Theoretical investigation on structure and stability of some neutral
rare gas molecules F-Rg-BR2 (R = F, OH, CN, CCH)
Abstract
Ab initio and DFT calculations were performed to investigate the
structure, stability, and nature of chemical bonding of the
F-Rg-BR2 (R = F, OH, CN and CCH; Rg = Ar, Kr, Xe and Rn)
molecules. The geometries are optimized for ground as well as transition
states using the B3LYP-D3 and MP2 methods. It has been found that the
F-Rg-B portion of F-Rg-BR2 species is linear in the
ground state but curved in the transition state. The NBO, AIM, ELF and
EDA analyses suggest that the molecules can be expressed as
F-(Rg-BR2)+ due to
the covalent Rg-B bond and the ionic interaction between F and Rg.

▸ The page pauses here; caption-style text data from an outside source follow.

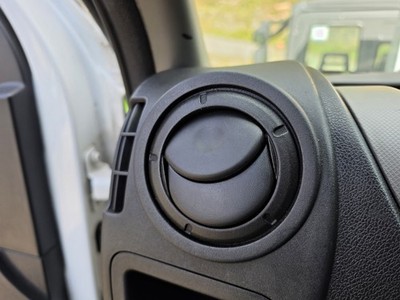 RENAULT MASTER MK3 LML35 14-19 Dash Air Vent (n/s Passenger) 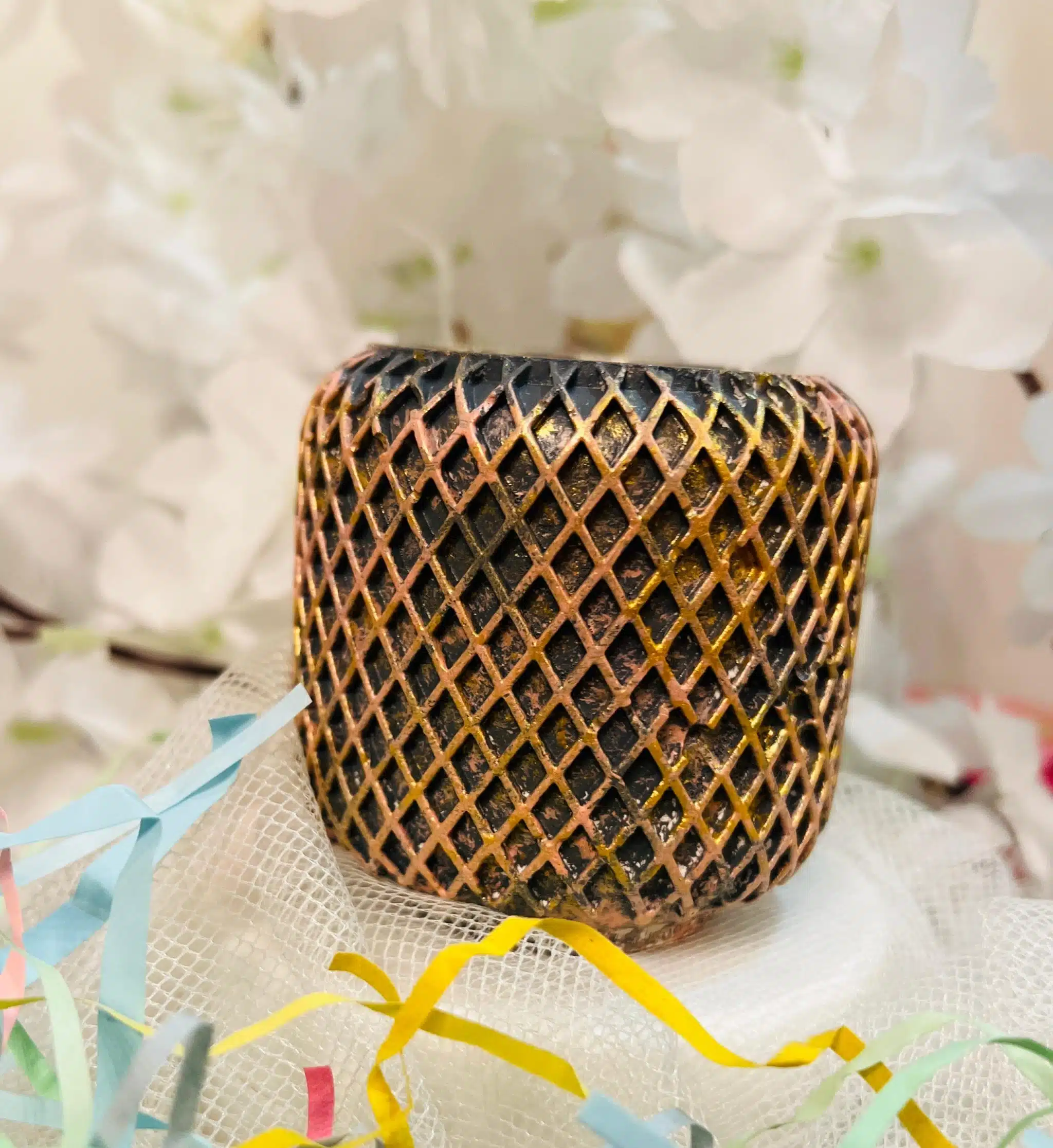 Hive Candle GOLDEN HIVE 4 IMG 20250414 WA0015 scaled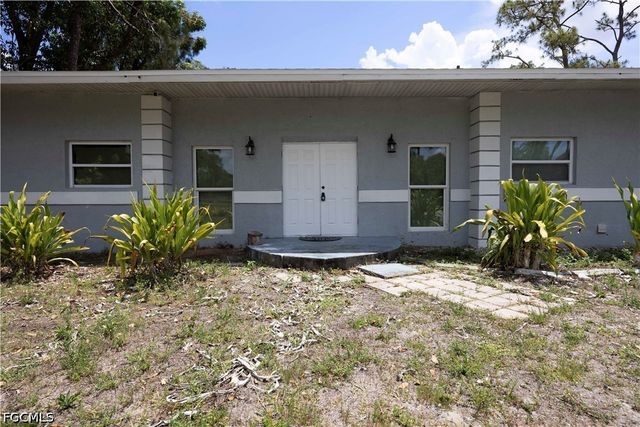 7823 Marx DR, North Fort Myers, FL 33917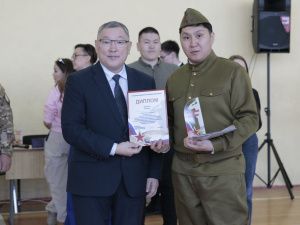 Федерация профсоюзов Якутии организовала смотр строевой подготовки среди работающей молодежи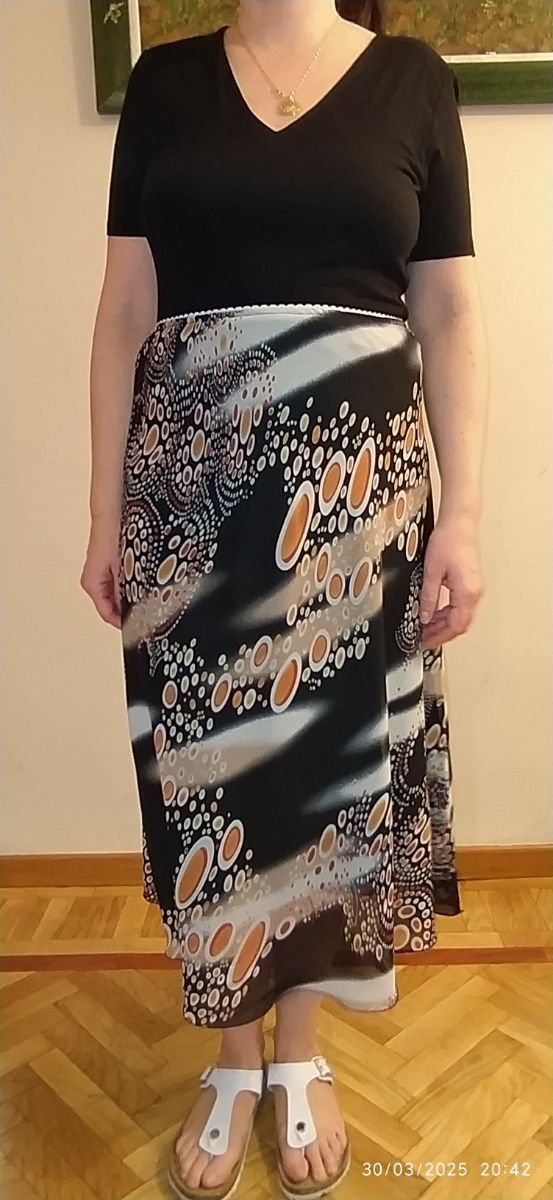 Falda midi estampada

Calculations assert the metastable behavior of the
F-Rg-BR2 molecules, thermodynamic data shows that
F-Rg-BR2 can spontaneously dissociates into
BFR2 + Rg, the considerable energy barrier of this
two-body dissociation channel calculated by the B3LYP-D3, MP2 and
CCSD(T) methods affirms the kinetic stability of the
F-Rg-BR2 molecules. Thus F-Rg-BR2
molecules are kinetically protected against the decomposition reaction
and may be identified under cryogenic conditions in solid rare gas
matrices or in the gas phase.